Developer Jay Bialsky’s proposal for a three-unit townhouse complex on West Water Street inched toward a ruling by the Sag Harbor Planning Board on Tuesday even as controversy continued to plague the plans.
Barbara Roberts, a co-founder of the nonprofit Save Sag Harbor, got up to tell the board a group of fellow North Haven residents is in the process of forming for the purpose of commenting on the townhouse plans.
“We are very concerned. Many of us are coming together to be sure that you’re caring about the lighting and what the view is going to be from the other side of our beautiful harbor and what the impact is on the harbor,” Ms. Roberts said. “I personally find the scale and character horrendous … and I’m concerned about precedent.”
But the planning board won’t be the venue for those residents’ comments.
They’ll instead have to take their input to Sag Harbor’s Board of Historic Preservation and Architectural Review or Harbor Committee, as the Planning Board voted 4-1 on Tuesday to close the public hearing on Mr. Bialsky’s project. Board chairman John Shaka voted “no,” saying he still wanted more information, but the board members who voted yes did so in acknowledgement of the fact that the public hearing had been ongoing since September.
The closure of the public hearing sets the stage for the planning board to make a decision on Mr. Bialsky’s site plan within the next two months. The board agreed to have a more in-depth discussion during its work session on February 26 at 5 p.m.

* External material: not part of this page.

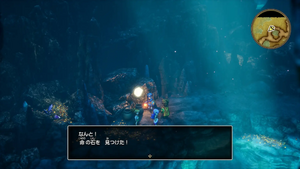 ヌシのすみか・東海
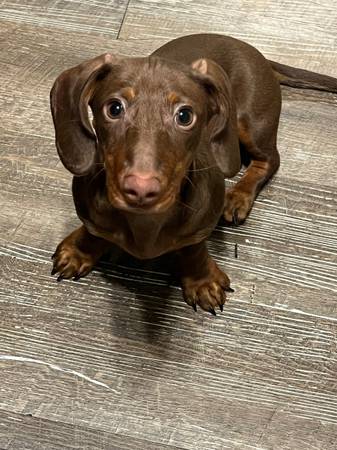 Dachshund 1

Before the board closed the hearing, architects representing Mr. Bialsky and Save Sag Harbor continued to clash on Tuesday, albeit more quietly than their previous meeting on January 10, over the details of an animated, three-dimensional model presented by Save Sag Harbor. The accuracy of the model, which Save Sag Harbor says illustrates the townhouse proposal’s mass and scale as seen from the street, from on the water and from the Lance Cpl. Jordan C. Haerter Veterans Memorial Bridge, has been disputed by two Bialsky representatives, attorney Brian DeSesa and architect Dave Harvey.

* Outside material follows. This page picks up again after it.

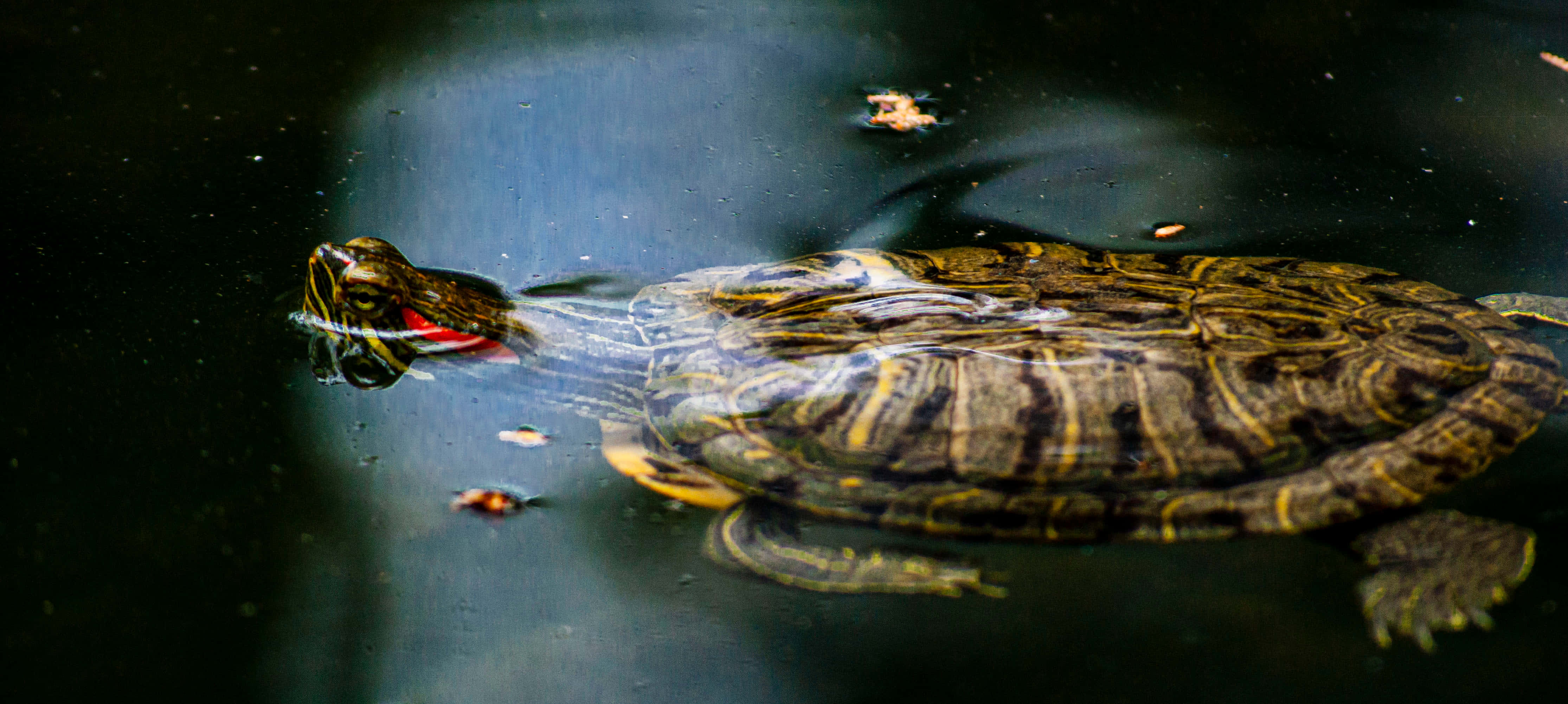 A painted turtle swimming in dark water with its red throat visible. — Water Turtle Wallpaper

On Tuesday Randy Croxton, an architect who is on the board of Save Sag Harbor, said he had verified with Mr. Bialsky’s architects that the model had been accurate on all of the significant points. One detail, the height of a building next door, had to be corrected; the animated model he showed the planning board included the correction, Mr. Croxton said.
“I received some very encouraging confirmations” from Mr. Bialsky’s team, Mr. Croxton said. “We do feel that it’s accurate. … To confirm the accuracy of our model, we were able to photo-match the 7-Eleven building and the residential building with this image. That is as rigorous an affirmation of accuracy that you can get.”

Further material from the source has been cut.